Voters also expect the forecast Coalition cuts to the public service, with 53% expecting they will lead to poorer services, although 37% of Liberal voters think they will make no difference, compared to 31% who think they’ll make services worse and 25% who think they’ll improve them. There’s a similar divide around levels of concern about public sector job cuts — 26% of voters say they’re “not really concerned” about them, compared to 23% each who say they’re “very” or “somewhat” concerned, but 42% of Liberal voters say they’re not really concerned.

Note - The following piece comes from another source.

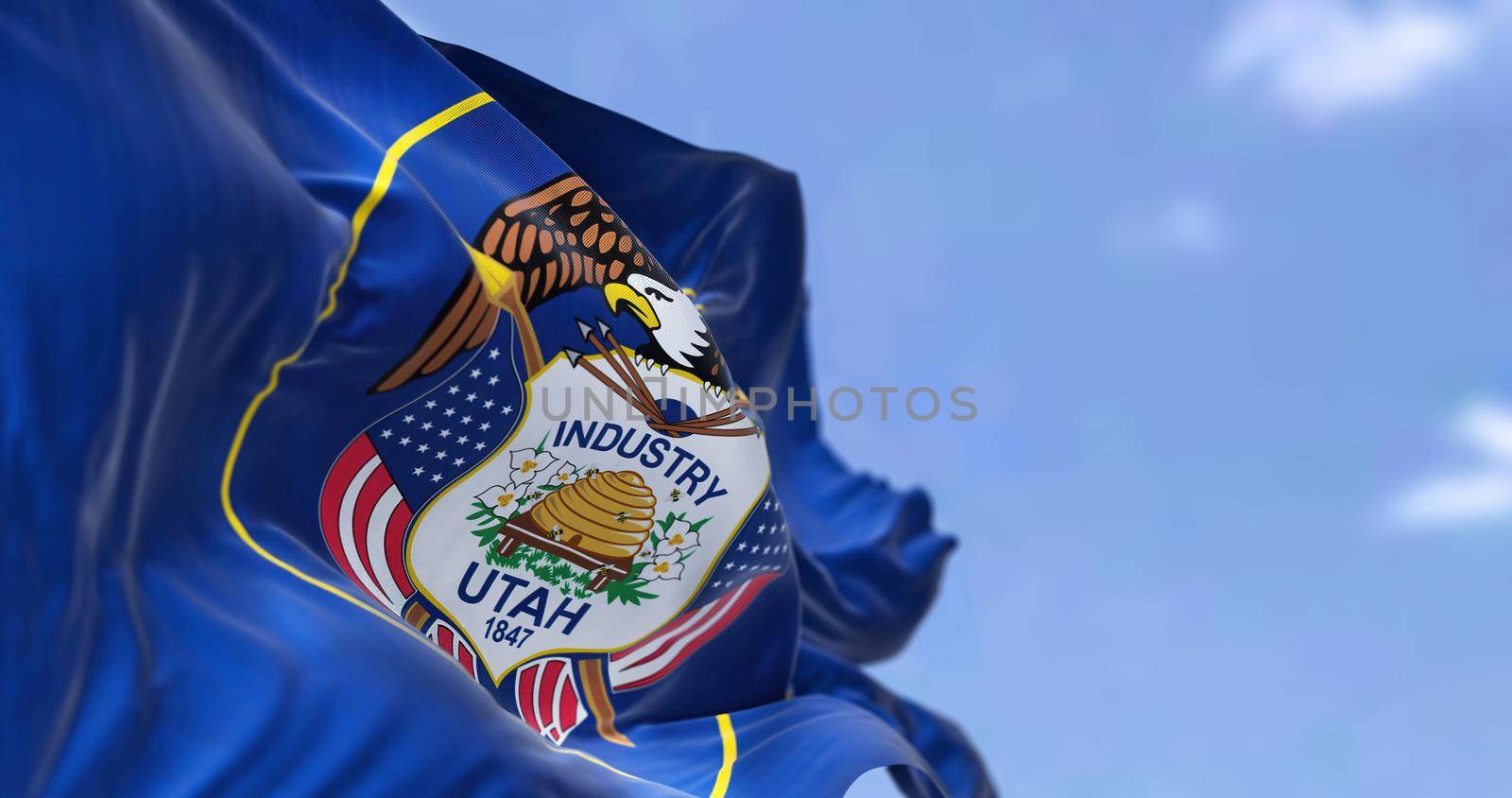 The US state flag of Utah waving in the wind by rarrarorro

Thirty per cent of voters believe “many of the Commonwealth public sector functions should be outsourced to private companies” but 48% disagree; nor, surprisingly, is there much higher support for outsourcing public sector functions to charities and NGOs — 32% agreement to 42% disagreement.

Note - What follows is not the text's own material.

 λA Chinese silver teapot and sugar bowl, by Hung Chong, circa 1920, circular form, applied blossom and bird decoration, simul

Voters are also divided on whether an Abbott government would make them worse off — 32% say it will, 30% say they expect to better off and 24% think there’ll be no difference. But voting intention heavily skews the results, with Liberal voters strongly expecting to be better off and Greens and Labor voters expecting to fare poorly.
On voting intention, there’s only been fractional shifts in the primary vote: the Coalition is still on 49%, Labor on 32% and the Greens on 10%, for a two-party preferred outcome back to 56-44%.